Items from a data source

+ + +

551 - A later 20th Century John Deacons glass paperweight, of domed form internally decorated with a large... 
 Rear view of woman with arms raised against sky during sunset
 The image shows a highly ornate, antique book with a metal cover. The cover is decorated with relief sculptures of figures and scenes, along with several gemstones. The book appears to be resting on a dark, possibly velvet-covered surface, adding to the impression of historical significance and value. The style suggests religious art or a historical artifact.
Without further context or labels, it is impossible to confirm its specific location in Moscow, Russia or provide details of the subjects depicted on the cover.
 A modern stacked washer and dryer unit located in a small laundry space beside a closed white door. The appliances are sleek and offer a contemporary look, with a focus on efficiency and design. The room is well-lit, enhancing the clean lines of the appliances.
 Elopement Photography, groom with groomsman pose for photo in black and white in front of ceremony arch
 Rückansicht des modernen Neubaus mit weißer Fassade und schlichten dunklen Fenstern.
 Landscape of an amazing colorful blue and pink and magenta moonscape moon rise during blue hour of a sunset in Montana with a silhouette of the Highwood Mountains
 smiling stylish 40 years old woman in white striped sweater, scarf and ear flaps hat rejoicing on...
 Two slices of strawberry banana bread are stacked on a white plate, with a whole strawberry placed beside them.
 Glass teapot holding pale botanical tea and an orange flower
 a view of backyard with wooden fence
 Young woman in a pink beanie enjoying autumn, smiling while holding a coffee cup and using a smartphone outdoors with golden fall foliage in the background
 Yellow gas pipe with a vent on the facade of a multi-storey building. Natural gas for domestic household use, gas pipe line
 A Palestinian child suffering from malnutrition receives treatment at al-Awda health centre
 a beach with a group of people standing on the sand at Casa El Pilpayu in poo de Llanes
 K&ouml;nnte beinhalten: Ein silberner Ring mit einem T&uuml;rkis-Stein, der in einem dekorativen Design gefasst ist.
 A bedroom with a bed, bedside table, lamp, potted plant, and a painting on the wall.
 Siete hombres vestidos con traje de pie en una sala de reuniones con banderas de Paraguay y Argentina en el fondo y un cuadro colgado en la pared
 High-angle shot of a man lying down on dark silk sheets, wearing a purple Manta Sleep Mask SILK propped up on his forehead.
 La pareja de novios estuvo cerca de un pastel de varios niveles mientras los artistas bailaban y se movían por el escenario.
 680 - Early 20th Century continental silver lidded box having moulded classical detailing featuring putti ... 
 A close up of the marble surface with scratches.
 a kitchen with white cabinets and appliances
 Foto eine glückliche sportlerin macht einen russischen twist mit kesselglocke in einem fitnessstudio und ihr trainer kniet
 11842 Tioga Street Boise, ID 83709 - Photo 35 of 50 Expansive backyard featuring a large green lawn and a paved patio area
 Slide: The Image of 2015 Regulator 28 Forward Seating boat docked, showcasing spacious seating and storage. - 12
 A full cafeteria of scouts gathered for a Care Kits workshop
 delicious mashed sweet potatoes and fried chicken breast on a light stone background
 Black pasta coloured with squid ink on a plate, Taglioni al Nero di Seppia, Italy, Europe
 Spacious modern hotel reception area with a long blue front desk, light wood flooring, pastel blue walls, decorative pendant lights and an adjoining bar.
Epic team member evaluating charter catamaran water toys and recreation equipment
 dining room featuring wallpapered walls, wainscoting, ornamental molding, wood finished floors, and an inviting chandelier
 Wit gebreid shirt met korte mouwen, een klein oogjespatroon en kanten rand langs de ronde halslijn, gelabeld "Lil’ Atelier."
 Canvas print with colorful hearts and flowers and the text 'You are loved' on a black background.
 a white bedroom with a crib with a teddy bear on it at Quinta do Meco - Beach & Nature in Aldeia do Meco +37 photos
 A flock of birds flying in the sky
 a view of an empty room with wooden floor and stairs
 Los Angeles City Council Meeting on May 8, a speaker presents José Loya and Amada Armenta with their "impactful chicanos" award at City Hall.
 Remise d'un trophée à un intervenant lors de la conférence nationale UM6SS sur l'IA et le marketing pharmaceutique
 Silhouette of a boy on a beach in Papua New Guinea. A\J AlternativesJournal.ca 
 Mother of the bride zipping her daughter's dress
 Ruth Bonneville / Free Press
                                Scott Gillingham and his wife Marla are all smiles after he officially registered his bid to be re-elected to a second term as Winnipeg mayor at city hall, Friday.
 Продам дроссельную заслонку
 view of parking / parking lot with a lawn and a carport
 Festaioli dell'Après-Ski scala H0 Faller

+ + +

▸ **Work to be completed**: From the data above, give every line again exactly as it appears.

▸ **Reply**:
551 - A later 20th Century John Deacons glass paperweight, of domed form internally decorated with a large... 
 Rear view of woman with arms raised against sky during sunset
 The image shows a highly ornate, antique book with a metal cover. The cover is decorated with relief sculptures of figures and scenes, along with several gemstones. The book appears to be resting on a dark, possibly velvet-covered surface, adding to the impression of historical significance and value. The style suggests religious art or a historical artifact.
Without further context or labels, it is impossible to confirm its specific location in Moscow, Russia or provide details of the subjects depicted on the cover.
 A modern stacked washer and dryer unit located in a small laundry space beside a closed white door. The appliances are sleek and offer a contemporary look, with a focus on efficiency and design. The room is well-lit, enhancing the clean lines of the appliances.
 Elopement Photography, groom with groomsman pose for photo in black and white in front of ceremony arch
 Rückansicht des modernen Neubaus mit weißer Fassade und schlichten dunklen Fenstern.
 Landscape of an amazing colorful blue and pink and magenta moonscape moon rise during blue hour of a sunset in Montana with a silhouette of the Highwood Mountains
 smiling stylish 40 years old woman in white striped sweater, scarf and ear flaps hat rejoicing on...
 Two slices of strawberry banana bread are stacked on a white plate, with a whole strawberry placed beside them.
 Glass teapot holding pale botanical tea and an orange flower
 a view of backyard with wooden fence
 Young woman in a pink beanie enjoying autumn, smiling while holding a coffee cup and using a smartphone outdoors with golden fall foliage in the background
 Yellow gas pipe with a vent on the facade of a multi-storey building. Natural gas for domestic household use, gas pipe line
 A Palestinian child suffering from malnutrition receives treatment at al-Awda health centre
 a beach with a group of people standing on the sand at Casa El Pilpayu in poo de Llanes
 K&ouml;nnte beinhalten: Ein silberner Ring mit einem T&uuml;rkis-Stein, der in einem dekorativen Design gefasst ist.
 A bedroom with a bed, bedside table, lamp, potted plant, and a painting on the wall.
 Siete hombres vestidos con traje de pie en una sala de reuniones con banderas de Paraguay y Argentina en el fondo y un cuadro colgado en la pared
 High-angle shot of a man lying down on dark silk sheets, wearing a purple Manta Sleep Mask SILK propped up on his forehead.
 La pareja de novios estuvo cerca de un pastel de varios niveles mientras los artistas bailaban y se movían por el escenario.
 680 - Early 20th Century continental silver lidded box having moulded classical detailing featuring putti ... 
 A close up of the marble surface with scratches.
 a kitchen with white cabinets and appliances
 Foto eine glückliche sportlerin macht einen russischen twist mit kesselglocke in einem fitnessstudio und ihr trainer kniet
 11842 Tioga Street Boise, ID 83709 - Photo 35 of 50 Expansive backyard featuring a large green lawn and a paved patio area
 Slide: The Image of 2015 Regulator 28 Forward Seating boat docked, showcasing spacious seating and storage. - 12
 A full cafeteria of scouts gathered for a Care Kits workshop
 delicious mashed sweet potatoes and fried chicken breast on a light stone background
 Black pasta coloured with squid ink on a plate, Taglioni al Nero di Seppia, Italy, Europe
 Spacious modern hotel reception area with a long blue front desk, light wood flooring, pastel blue walls, decorative pendant lights and an adjoining bar.
Epic team member evaluating charter catamaran water toys and recreation equipment
 dining room featuring wallpapered walls, wainscoting, ornamental molding, wood finished floors, and an inviting chandelier
 Wit gebreid shirt met korte mouwen, een klein oogjespatroon en kanten rand langs de ronde halslijn, gelabeld "Lil’ Atelier."
 Canvas print with colorful hearts and flowers and the text 'You are loved' on a black background.
 a white bedroom with a crib with a teddy bear on it at Quinta do Meco - Beach & Nature in Aldeia do Meco +37 photos
 A flock of birds flying in the sky
 a view of an empty room with wooden floor and stairs
 Los Angeles City Council Meeting on May 8, a speaker presents José Loya and Amada Armenta with their "impactful chicanos" award at City Hall.
 Remise d'un trophée à un intervenant lors de la conférence nationale UM6SS sur l'IA et le marketing pharmaceutique
 Silhouette of a boy on a beach in Papua New Guinea. A\J AlternativesJournal.ca 
 Mother of the bride zipping her daughter's dress
 Ruth Bonneville / Free Press
                                Scott Gillingham and his wife Marla are all smiles after he officially registered his bid to be re-elected to a second term as Winnipeg mayor at city hall, Friday.
 Продам дроссельную заслонку
 view of parking / parking lot with a lawn and a carport
 Festaioli dell'Après-Ski scala H0 Faller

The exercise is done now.